11 November 2016

Chasnupp‑3 Connected to the Grid in Pakistan

Chasnupp-3 Connected to the Grid in Pakistan

11 November 2016, Updated 10 January 2017

On 15 October 2016, unit 3 of Pakistan’s Chasnupp (Chashma Nuclear Power Plant) was connected to the grid. The reactor had become critical on 1 August 2016. According to International Atomic Energy Agency (IAEA) data, the project represented the first construction start anywhere in the world after Fukushima was triggered in March 2011 and would have made it also the first reactor, whose construction had begun after 3/11, to start up. However, official Pakistani sources indicate that construction—first concrete—had already begun on 4 March 2011, one week prior to the Fukushima events.

The Chasnupp-3 reactor is a CNP-300 design, imported from China, and the grid connection ceremony was attended by officials not just from the Pakistan Atomic Energy Commission, but also Shanghai Nuclear Engineering Research & Design Institute and China National Nuclear Corporation (CNNC). Pakistan now has thrice as many CNP-300 reactors as China, which has only one operating reactor with this design, Qinshan-1. The origins of Chasnupp-3 go back to an agreement between Pakistan and the CNNC that was reached in late 1989, with the final contract signed in Beijing on 31 December 1991. The first reactor at Chasnupp was commissioned in 2000 and in 2004 Pakistan signed an agreement to import the second unit.

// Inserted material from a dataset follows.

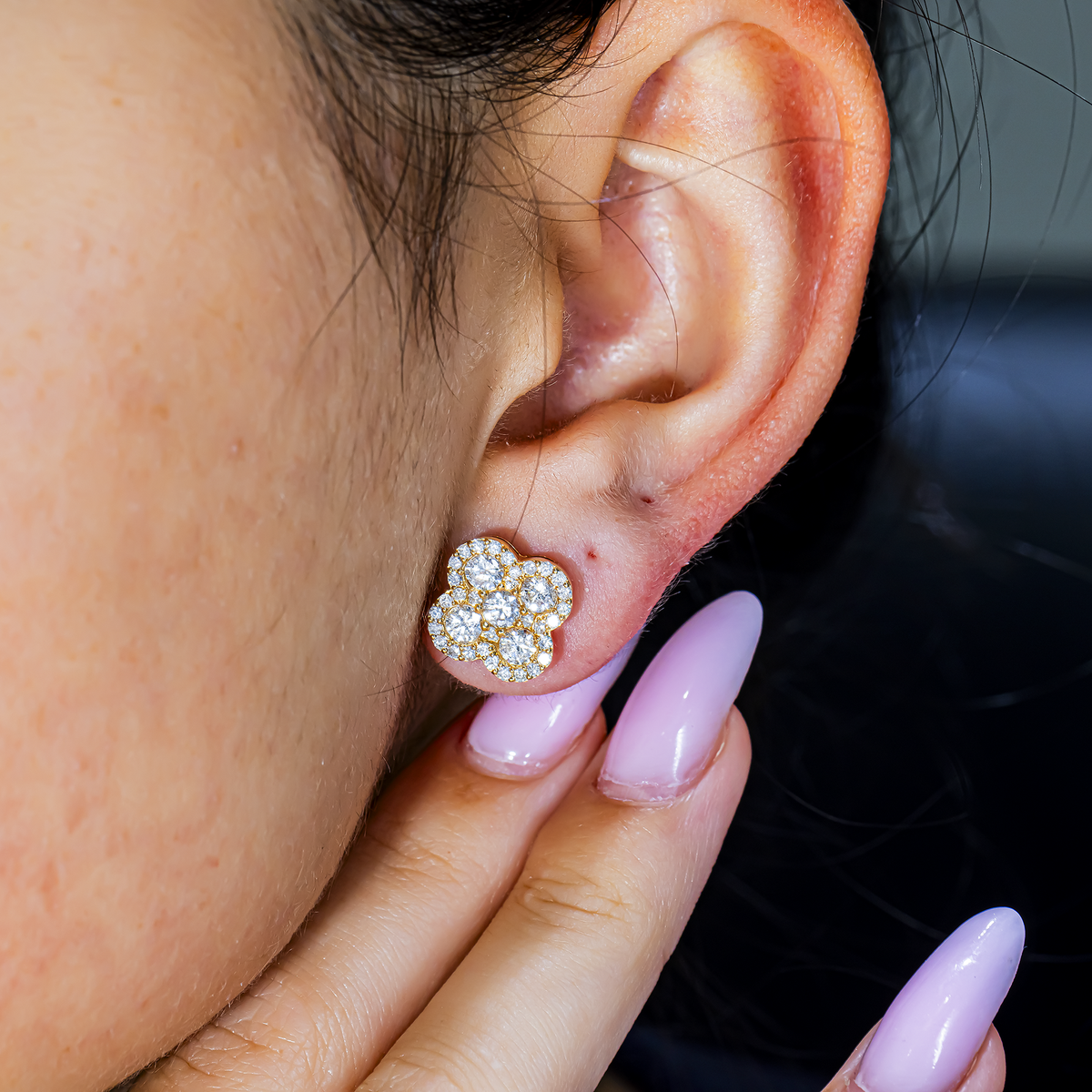14K GOLD ROUND LAB GROWN DIAMOND CLOVER EARRINGS 1.71 CTW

Construction of the second unit started in 2005 and Chasnupp-2 was first connected to the grid on 14 March 2011, barely three days after the Fukushima accidents commenced. Construction of Chasnupp-3 also started the same year, on 28 May 2011. Construction of Chasnupp-4, the twin unit, started on 18 December 2011. The reactor’s estimated cost went up even before construction commenced, from Rs.129 billion (roughly USD1.6 billion) to Rs.140 billion. A more recent estimate is even higher, at USD2.37 billion. However, the reactor has been commissioned in the year that was projected when construction started, i.e., in 2016, with commercial operation originally scheduled for December 2016, which is also still achievable.

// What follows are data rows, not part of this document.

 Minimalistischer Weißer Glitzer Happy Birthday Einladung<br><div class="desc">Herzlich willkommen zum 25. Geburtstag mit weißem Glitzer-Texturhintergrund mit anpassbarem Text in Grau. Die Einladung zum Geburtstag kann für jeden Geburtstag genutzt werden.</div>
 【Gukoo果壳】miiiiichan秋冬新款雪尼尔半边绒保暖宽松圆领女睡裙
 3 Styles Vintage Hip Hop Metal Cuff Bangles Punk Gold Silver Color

Pakistan is building two more Chinese origin reactors, Karachi Nuclear Power Plant (Kanupp) units 2 and 3, with construction start dates of 20 August 2015 and 31 May 2016 respectively. These reactors are of the hitherto un-built ACP1000 design. There has been widespread civil-society opposition to the construction of these reactors next to the crowded city of Karachi, with the environmental impact assessment being a particular target of criticism.